This question comes up in almost every advanced class I teach: what are the limits to FR4?
Like almost every important question in signal integrity, the answer always stars with “…it depends.”
The next step is to “put in the numbers” using analysis tools, based on all the assumptions and conditions for the specifics that should be considered.
In a long differential channel, if we do everything right, like no stubs anywhere, no asymmetry anywhere, no cross talk and no impedance discontinuities anywhere, the limitation for the highest data rate a channel can support is set by the signal to noise ratio (SNR) at the receiver.
While there are theoretical evaluations based on Shannon’s Information Theory about a channel’s information carrying capacity, its – 3dB bandwidth and the SNR at the receiver, there is an alternative analysis based on practical considerations.
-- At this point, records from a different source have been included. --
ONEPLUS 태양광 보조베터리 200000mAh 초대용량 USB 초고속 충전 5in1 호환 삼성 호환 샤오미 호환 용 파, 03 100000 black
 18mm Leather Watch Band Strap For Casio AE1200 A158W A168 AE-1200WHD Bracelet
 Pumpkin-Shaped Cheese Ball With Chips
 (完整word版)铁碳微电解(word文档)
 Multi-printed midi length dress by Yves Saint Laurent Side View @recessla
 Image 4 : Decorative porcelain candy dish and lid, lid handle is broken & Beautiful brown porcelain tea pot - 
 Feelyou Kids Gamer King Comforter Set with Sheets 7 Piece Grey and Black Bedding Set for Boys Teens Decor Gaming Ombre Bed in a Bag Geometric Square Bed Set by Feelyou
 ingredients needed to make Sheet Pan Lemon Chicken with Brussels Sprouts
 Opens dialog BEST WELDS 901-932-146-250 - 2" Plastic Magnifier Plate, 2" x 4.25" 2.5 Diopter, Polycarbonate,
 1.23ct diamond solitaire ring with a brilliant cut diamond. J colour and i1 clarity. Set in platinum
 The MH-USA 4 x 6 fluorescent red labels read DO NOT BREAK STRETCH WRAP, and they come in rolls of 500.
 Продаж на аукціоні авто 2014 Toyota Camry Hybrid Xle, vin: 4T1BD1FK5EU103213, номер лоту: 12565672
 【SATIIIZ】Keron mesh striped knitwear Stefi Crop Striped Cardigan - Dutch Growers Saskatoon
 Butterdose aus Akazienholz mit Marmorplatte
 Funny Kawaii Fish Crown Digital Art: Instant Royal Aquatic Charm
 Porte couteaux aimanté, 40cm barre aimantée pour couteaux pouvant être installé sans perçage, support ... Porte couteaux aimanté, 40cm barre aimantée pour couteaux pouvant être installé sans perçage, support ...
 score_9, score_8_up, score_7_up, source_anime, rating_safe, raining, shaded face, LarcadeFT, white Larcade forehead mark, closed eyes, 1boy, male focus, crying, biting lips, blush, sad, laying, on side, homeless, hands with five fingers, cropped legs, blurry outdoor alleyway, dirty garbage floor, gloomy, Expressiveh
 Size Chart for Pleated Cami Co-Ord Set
If everything is done right in the channel, the fundamental limit to the data rate it will support will be set by the frequency dependent attenuation and how much signal is required for an acceptable eye . It’s not just the attenuation, it’s the frequency dependent attenuation. If we have roughly a linearly decreasing attenuation with frequency, much of this can be compensated using equalization techniques such as CTLE (continuous time linear equalization), FFE (feed forward equalization) or DFE (decision feedback equalization).
Typical high performance specs offer a limit of about –25 dB attenuation at the Nyquist frequency as the practical limit to what can be recovered in a usable eye. However, my buddies who work with optimized TRX equalization techniques tell me that if all the more than 10,000 coefficients available for the three equalization techniques are optimized perfectly, it may be possible to recover a usable eye with –40 dB attenuation at the Nyquist frequency.
Now we can ask, how far and at what frequency can you go in an FR4 interconnect and still have less than –40 dB attenuation? This is a simple analysis, which we go through in our S-parameters for SI (SPSI) class and Advanced Gigabit-differential Channel Design (AGCD) class. The result is a simple relationship between the length of the interconnect, in inches and the highest data rate, in Gbps, below which the attenuation will be less than –40 dB and an acceptable eye can be recovered. This relationship is:
This assumes the attenuation is limited to just dielectric loss and no conductor loss, which is the ultimate best that can be done. There is a distance-bandwidth trade off. This is fundamental and is the driver for transitioning to fiber optic connections at either high data rates or long distances. The boundary of when photons are more cost effective than electrons is set by this relationship.
Generally, the closer you get to this fundamental limits, the more expensive it becomes to implement a solution in copper and the more cost effective the solution may be in optical interconnect.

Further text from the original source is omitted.